Action item: Starting at the line holding "Холст прямоугольный Красная" and finishing at the line holding "Aragoke Ginrin Karashi Chagoi", transcribe the material exactly, keeping both ends but no pictures.

Information supplied:
--- --- ---
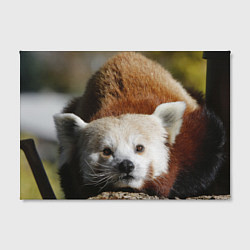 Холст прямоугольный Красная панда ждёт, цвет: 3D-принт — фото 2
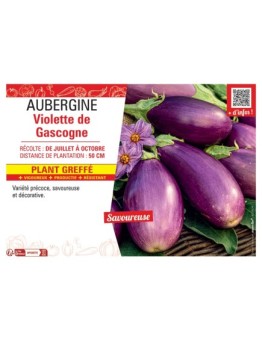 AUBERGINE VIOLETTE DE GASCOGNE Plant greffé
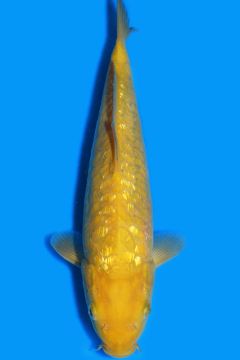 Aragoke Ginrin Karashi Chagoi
--- --- ---
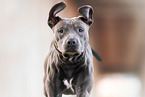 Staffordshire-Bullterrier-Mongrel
--- --- ---
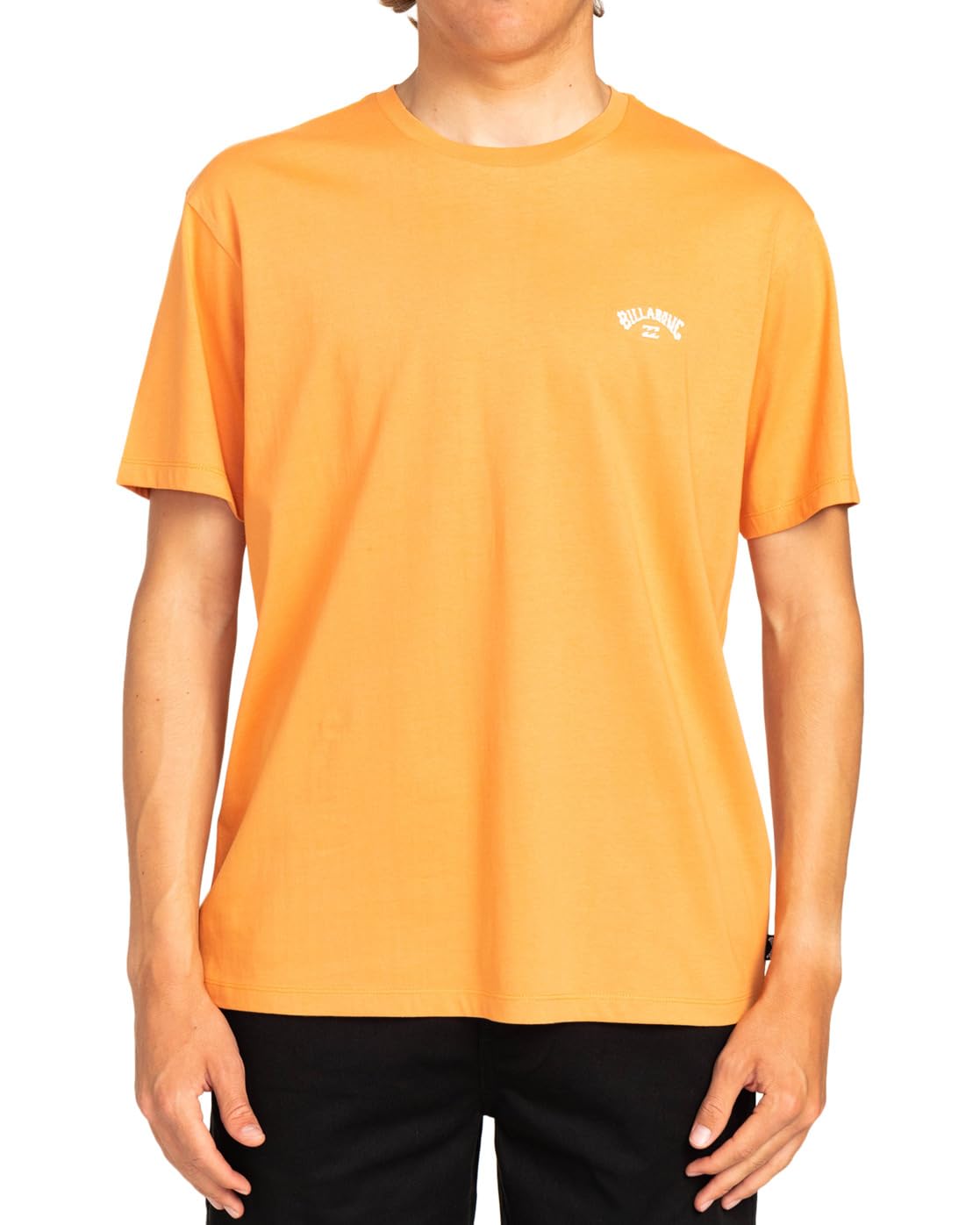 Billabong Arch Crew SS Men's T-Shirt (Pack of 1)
--- --- ---
Written response:
 Холст прямоугольный Красная панда ждёт, цвет: 3D-принт — фото 2
 AUBERGINE VIOLETTE DE GASCOGNE Plant greffé
 Aragoke Ginrin Karashi Chagoi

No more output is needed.